Sur les traces du génie rhétorique de Pierre Bayard (dont elle a obtenu la caution pour ce livre, ainsi que celle d’Yves Citton), Nancy Murzilli interroge en sept leçons « la capacité annonciatrice de la littérature »   , sa performativité et le pouvoir d’engendrement des narrations sur nos vies et comportements.

« Que nous soyons nous-même l’auteur d’une fiction, qu’elle naisse de la consultation du tarot ou qu’elle soit l’œuvre d’un artiste, dans tous les cas, ces fictions prédisent l’avenir en même temps qu’elles le créent, puisqu’elles en éprouvent l’hypothèse et en fabriquent la possibilité. Mais ce qui transforme la fiction en une prédiction est la conjonction que nous sommes prêts à établir entre ce qu’elle annonce et ce qui adviendra. »

« [L]a puissance divinatoire de la fiction » reposerait sur une « relation triangulaire » qui implique « le support fictionnel (roman, rêve, tarot) à interpréter », « l’histoire personnelle ou collective dans laquelle est impliqué le lecteur, spectateur ou auteur de la fiction », à savoir l’intrigue ou la narration, et « le tiers signifiant, garant de l’échange divinatoire, auquel on accède par l’interprétation personnelle ou seconde (voyant, psychologue, chamane) du support fictionnel. C’est ce tiers signifiant », nous dit-on « qui transforme la fiction en prédiction en établissant une conjonction entre les deux premiers termes qui la rend ainsi opératoire ». À ce stade, sans guère plus de précisions, les choses deviennent un peu confuses. Il est à parier que même le lecteur le plus éclairé aura du mal à cerner, dans le cadre de la lecture d’un roman, qui est ce « tiers signifiant » que Nancy Murzilli évoque.

En règle générale, la performativité du discours repose sur la capacité de l’énonciateur à être investi d’un pouvoir omnipotent dans son domaine. Lorsque le curé dit « Je vous déclare mari et femme », la performativité est essentiellement liée au fait qu’il est habilité à consacrer les unions matrimoniales. En conséquence, son propos devient instantanément une réalité synchrone qu’il forge au moment même de l’énonciation. L’auteur de fiction, à l’inverse d’un juge, des autorités, d’un supérieur hiérarchique, n’est pas investi de tels pouvoirs monarchiques sur la vie d’autrui.
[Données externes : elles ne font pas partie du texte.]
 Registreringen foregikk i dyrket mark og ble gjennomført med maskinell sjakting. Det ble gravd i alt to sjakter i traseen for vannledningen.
Il peut tout au plus, à l’instar d’Édouard Levé, agir sur sa vie, en écrivant un roman sur le suicide et en commettant l’acte peu avant la publication de son œuvre, attribuant ainsi à son récit, de manière fort artificielle, un caractère performatif, fût-il asynchrone.
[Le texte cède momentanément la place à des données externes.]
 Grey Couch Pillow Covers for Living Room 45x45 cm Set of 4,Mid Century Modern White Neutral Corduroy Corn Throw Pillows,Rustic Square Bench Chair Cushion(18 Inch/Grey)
Il est donc aisé d’entretenir la ressemblance entre éléments qui font l’objet d’une comparaison par la simple occultation de leurs différences majeures. On pourrait ainsi alléguer que la fiction, de par sa capacité d’influer sur et d’infléchir la réalité, nourrirait un dessein politique, mais il n’en est rien. Si l’on prend en compte l’intentionnalité de l’énonciateur comme Keith Oatley le fait dans Such Stuff as Dreams. The Psychology of Fiction   , il devient impossible de placer discours politique et discours fictionnel sur un même plan. Rappelons que sur un plan juridique, l’intentionnalité est ce qui fait la différence entre un accident fatal et un meurtre, en dépit du fait que l’inspecteur se retrouve avec un cadavre sur les bras dans les deux situations.

Sans même citer les recherches de Jerome Bruner sur les récits de vie avec lesquelles elle aurait pu nourrir sa réflexion sur la vie conçue comme une narration, Nancy Murzilli parvient à un constat peu ou prou similaire : « Nos fictions ordinaires nous construisent en tant qu’êtres sociaux […]. » Le storytelling, ou l’art de narrer, autrement dit d’avoir des propos qui penchent plus du côté de la communication que des formes esthétiques (comme le roman), entre lui aussi dans le champ de « nos pratiques fictionnelles ordinaires » qui conjuguent subtilement les trois composantes clefs que toute fiction engendre : cognition, émotions, adhésion.

Dans Changer la vie par nos fictions ordinaires, Nancy Murzilli trace le pourtour du domaine limitrophe de la fiction romanesque et de ce qu’elle désigne comme « nos pratiques fictionnelles ordinaires » en effectuant des recoupements panfictionnalistes qui ne manquent pas d’intérêt en soi mais qui, toutes proportions gardées, ne parviennent pas à convaincre les lecteurs que toutes ces situations considérées sous l’angle de pratiques divinatoires se valent.